The Colorado Rockies led off spring training with a bang, winning their first game 8-4 against the Arizona Diamondbacks. Desmond went 3-for-3 in his debut, Story hit a home run in his first live-action game since injuring his thumb, and every person in the starting lineup except for Mark Reynolds got on base one way or another. The game, the story, the flow. All good things.
I’m ecstatic that real, professional, major league-quality baseball is back. What was I going to do instead, watch basketball? Nah, Super Bowls aren’t my thing either. I’m a baseball-only guy. I’m excited I’ll be flying out to Arizona in two weeks to see (and chat) about baseball. And yeah, it’s wise to take the wins and losses and stats with a bit of skepticism as hitters get their timing back and pitchers work on rebuilding their stamina for the regular season, but that doesn’t make these games or these player’s efforts any less important. Some of those in camp are fighting for for a job. Many of the players I met the first time I was in the Rockies clubhouse are no longer with the team. Their struggles should be taken seriously and their efforts acknowledged. It doesn’t get any more real than that.

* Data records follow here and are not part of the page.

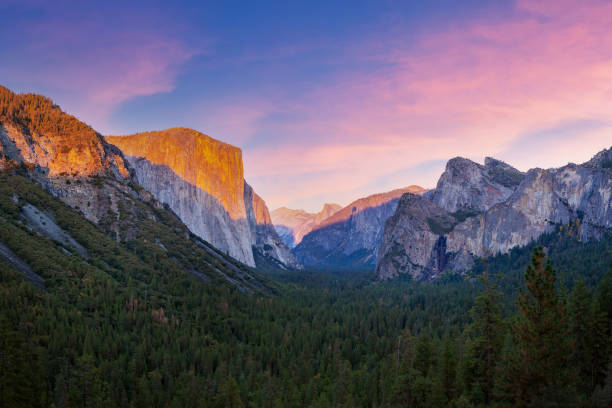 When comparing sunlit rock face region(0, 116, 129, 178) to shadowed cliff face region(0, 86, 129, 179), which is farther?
shadowed cliff face region(0, 86, 129, 179)

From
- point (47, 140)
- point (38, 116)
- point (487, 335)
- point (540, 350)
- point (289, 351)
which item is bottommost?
point (289, 351)

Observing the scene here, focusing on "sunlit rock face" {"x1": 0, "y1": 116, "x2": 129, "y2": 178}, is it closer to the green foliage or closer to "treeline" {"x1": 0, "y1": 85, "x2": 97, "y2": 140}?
"treeline" {"x1": 0, "y1": 85, "x2": 97, "y2": 140}

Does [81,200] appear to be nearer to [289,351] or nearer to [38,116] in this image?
[38,116]

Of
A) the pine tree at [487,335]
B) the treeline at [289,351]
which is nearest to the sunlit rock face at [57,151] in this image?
the treeline at [289,351]

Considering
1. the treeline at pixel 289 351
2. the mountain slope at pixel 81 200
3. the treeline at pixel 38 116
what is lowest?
the treeline at pixel 289 351

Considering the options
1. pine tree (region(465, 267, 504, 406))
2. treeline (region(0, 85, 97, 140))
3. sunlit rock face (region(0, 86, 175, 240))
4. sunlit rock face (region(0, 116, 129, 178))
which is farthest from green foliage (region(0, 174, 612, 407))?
treeline (region(0, 85, 97, 140))

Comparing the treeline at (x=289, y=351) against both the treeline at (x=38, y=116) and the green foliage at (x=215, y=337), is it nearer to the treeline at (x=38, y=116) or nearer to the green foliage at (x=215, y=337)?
the green foliage at (x=215, y=337)

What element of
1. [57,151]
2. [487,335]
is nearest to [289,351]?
[487,335]

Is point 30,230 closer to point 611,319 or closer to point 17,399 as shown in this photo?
point 17,399

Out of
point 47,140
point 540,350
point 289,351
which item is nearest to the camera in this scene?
point 540,350

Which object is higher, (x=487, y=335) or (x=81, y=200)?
(x=81, y=200) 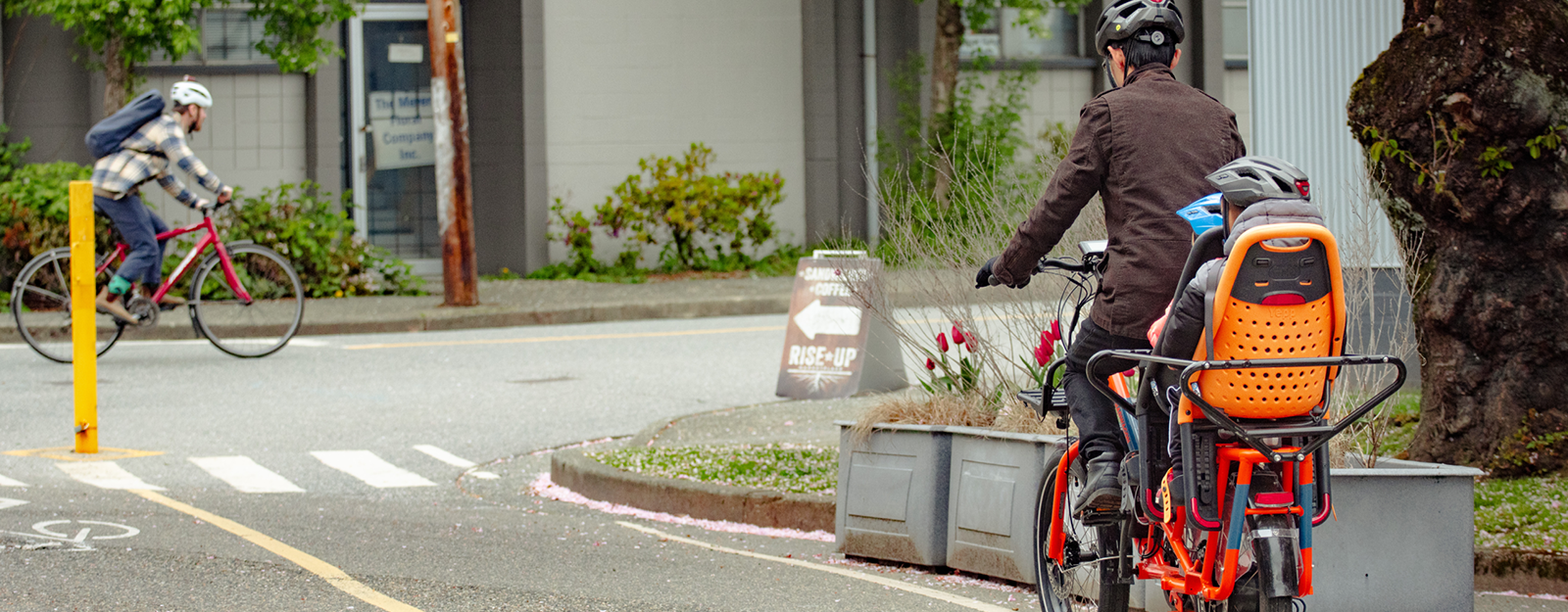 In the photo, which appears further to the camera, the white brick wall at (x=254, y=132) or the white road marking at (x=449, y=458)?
the white brick wall at (x=254, y=132)

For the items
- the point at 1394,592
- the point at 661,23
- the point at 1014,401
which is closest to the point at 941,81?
the point at 661,23

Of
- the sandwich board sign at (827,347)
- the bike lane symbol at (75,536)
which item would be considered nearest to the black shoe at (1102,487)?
the bike lane symbol at (75,536)

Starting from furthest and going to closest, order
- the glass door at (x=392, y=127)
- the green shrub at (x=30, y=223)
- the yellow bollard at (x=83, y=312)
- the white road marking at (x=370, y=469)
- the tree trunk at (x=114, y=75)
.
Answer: the glass door at (x=392, y=127) → the tree trunk at (x=114, y=75) → the green shrub at (x=30, y=223) → the yellow bollard at (x=83, y=312) → the white road marking at (x=370, y=469)

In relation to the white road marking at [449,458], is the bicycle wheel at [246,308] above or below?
above

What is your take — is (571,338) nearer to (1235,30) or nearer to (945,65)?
(945,65)

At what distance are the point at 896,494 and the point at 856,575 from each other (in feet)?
1.05

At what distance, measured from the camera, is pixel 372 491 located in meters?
7.61

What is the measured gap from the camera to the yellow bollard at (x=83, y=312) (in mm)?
8258

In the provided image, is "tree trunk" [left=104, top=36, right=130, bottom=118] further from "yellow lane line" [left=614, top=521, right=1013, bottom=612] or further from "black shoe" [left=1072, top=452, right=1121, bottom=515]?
"black shoe" [left=1072, top=452, right=1121, bottom=515]

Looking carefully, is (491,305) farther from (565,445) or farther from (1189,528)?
(1189,528)

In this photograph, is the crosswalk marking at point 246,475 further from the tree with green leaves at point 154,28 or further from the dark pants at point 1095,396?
the tree with green leaves at point 154,28

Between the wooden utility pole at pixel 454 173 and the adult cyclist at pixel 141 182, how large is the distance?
3.82 metres

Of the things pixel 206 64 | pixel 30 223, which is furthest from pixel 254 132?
pixel 30 223

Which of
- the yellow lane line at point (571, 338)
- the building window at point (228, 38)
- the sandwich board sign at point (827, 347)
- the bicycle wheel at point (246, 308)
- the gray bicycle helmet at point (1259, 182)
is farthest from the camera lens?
the building window at point (228, 38) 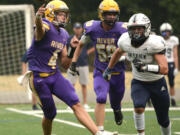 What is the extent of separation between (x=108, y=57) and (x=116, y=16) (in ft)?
2.05

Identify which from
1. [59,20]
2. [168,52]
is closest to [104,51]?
[59,20]

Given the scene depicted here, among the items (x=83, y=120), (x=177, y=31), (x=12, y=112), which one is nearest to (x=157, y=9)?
(x=177, y=31)

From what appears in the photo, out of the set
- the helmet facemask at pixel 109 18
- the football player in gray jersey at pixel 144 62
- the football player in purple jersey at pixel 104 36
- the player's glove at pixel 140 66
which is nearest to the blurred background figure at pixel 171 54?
the football player in purple jersey at pixel 104 36

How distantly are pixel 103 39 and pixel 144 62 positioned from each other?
149cm

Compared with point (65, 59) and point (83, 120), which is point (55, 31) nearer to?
point (65, 59)

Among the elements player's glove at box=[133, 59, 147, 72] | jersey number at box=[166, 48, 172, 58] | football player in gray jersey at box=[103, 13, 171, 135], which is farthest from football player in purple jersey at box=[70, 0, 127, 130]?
jersey number at box=[166, 48, 172, 58]

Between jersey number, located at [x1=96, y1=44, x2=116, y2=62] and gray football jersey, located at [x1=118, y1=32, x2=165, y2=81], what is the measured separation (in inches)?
46.3

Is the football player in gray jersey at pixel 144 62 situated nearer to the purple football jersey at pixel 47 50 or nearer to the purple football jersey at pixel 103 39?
the purple football jersey at pixel 47 50

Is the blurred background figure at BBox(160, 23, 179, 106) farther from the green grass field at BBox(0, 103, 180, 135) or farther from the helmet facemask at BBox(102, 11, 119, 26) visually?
the helmet facemask at BBox(102, 11, 119, 26)

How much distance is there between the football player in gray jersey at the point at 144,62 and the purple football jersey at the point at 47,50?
2.64 ft

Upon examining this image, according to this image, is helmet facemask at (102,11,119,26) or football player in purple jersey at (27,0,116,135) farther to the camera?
helmet facemask at (102,11,119,26)

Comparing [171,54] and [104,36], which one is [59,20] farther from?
[171,54]

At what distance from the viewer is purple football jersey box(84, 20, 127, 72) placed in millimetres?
7934

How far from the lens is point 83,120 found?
20.9 feet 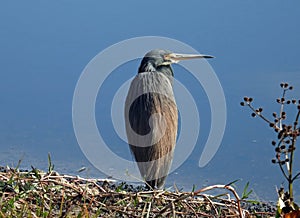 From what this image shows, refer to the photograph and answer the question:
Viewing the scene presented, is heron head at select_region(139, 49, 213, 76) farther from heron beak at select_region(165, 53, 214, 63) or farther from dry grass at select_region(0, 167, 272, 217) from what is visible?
dry grass at select_region(0, 167, 272, 217)

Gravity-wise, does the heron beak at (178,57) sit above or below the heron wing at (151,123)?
above

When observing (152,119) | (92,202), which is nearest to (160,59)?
(152,119)

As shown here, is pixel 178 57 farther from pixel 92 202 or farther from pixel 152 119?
pixel 92 202

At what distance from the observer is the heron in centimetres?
214

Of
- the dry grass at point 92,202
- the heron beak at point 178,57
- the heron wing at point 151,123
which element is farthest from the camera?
the heron beak at point 178,57

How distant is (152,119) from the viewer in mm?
2131

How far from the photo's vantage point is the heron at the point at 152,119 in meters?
2.14

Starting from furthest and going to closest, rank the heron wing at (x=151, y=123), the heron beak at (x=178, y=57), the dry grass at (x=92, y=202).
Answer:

One of the few nice things about baseball having an offseason is it gives baseball researchers time to research and baseball readers, whether they are players or managers, time to read up on that research. Last spring, the hot topics were spin rate, StatCast and outfield depth. This year, players are talking about launch angles. One element from David Laurilla’s FanGraphs piece that I found interesting is that Chris Denorfia thinks that being knowledgeable about the current research can make him, as a player, attractive to a team.
We’ve got a curse? Neat!
Liberties with the title aside, the 2016 Rockies had a lot of good things going for them and 2017 should be better. We’ve started to see the elements of a lot of the talk put into practice. Beyond just saying the right things, it appears the players are actually implementing the adjustments needed to succeed. More importantly, we’re starting to see talent across the roster and vertical depth in the organization.
Not quite related to performance, but one thing Crasnick says Jon Gray will be implementing is a haircut, donating his flow to Locks of Love.